+++ Record excerpts

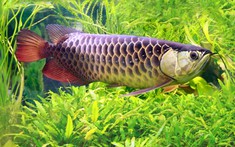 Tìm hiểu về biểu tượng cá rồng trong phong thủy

++++++
+++ Record excerpts

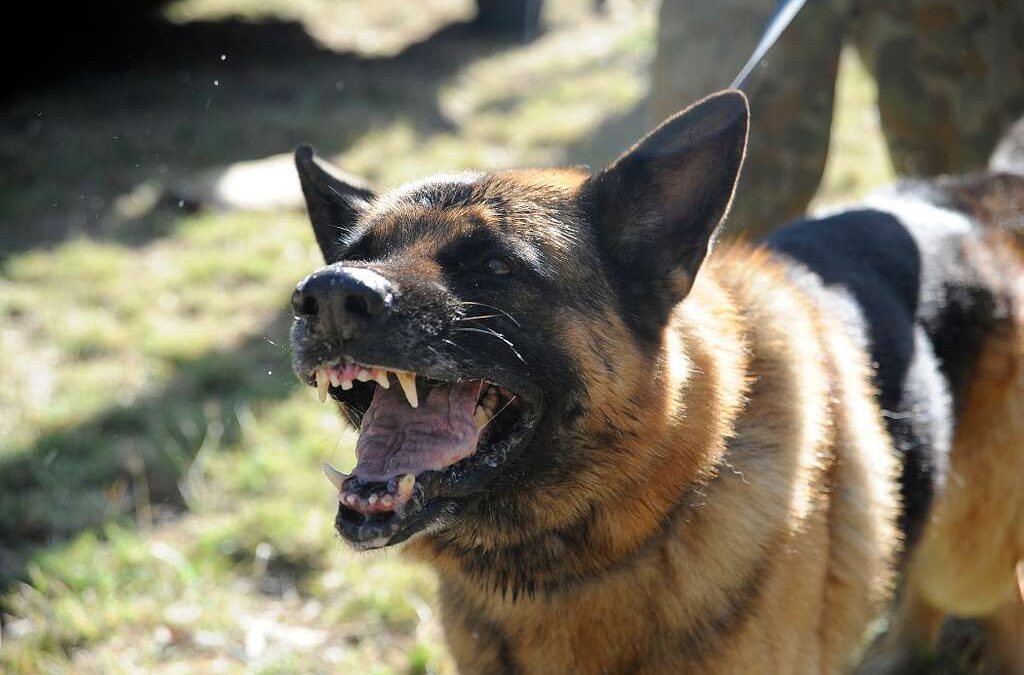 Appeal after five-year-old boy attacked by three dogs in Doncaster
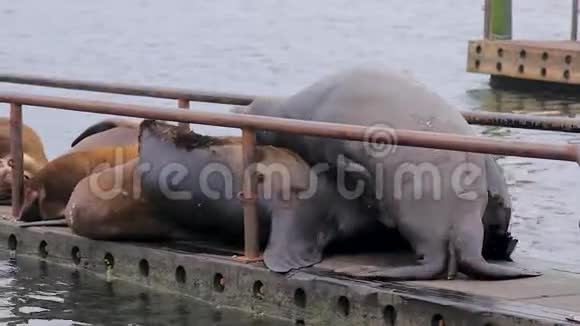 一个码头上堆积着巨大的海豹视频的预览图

++++++
+++ Record excerpts

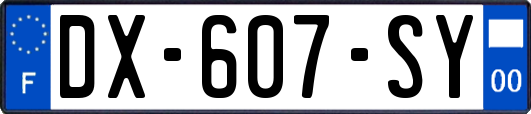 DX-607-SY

++++++

■ What is being asked:
Give again the stretch of the entries above that begins at the line with "Appeal after five-year-old" and ends at the line with "一个码头上堆积着巨大的海豹视频的预览图", word for word, with no pictures.

■ Reply:
 Appeal after five-year-old boy attacked by three dogs in Doncaster
 一个码头上堆积着巨大的海豹视频的预览图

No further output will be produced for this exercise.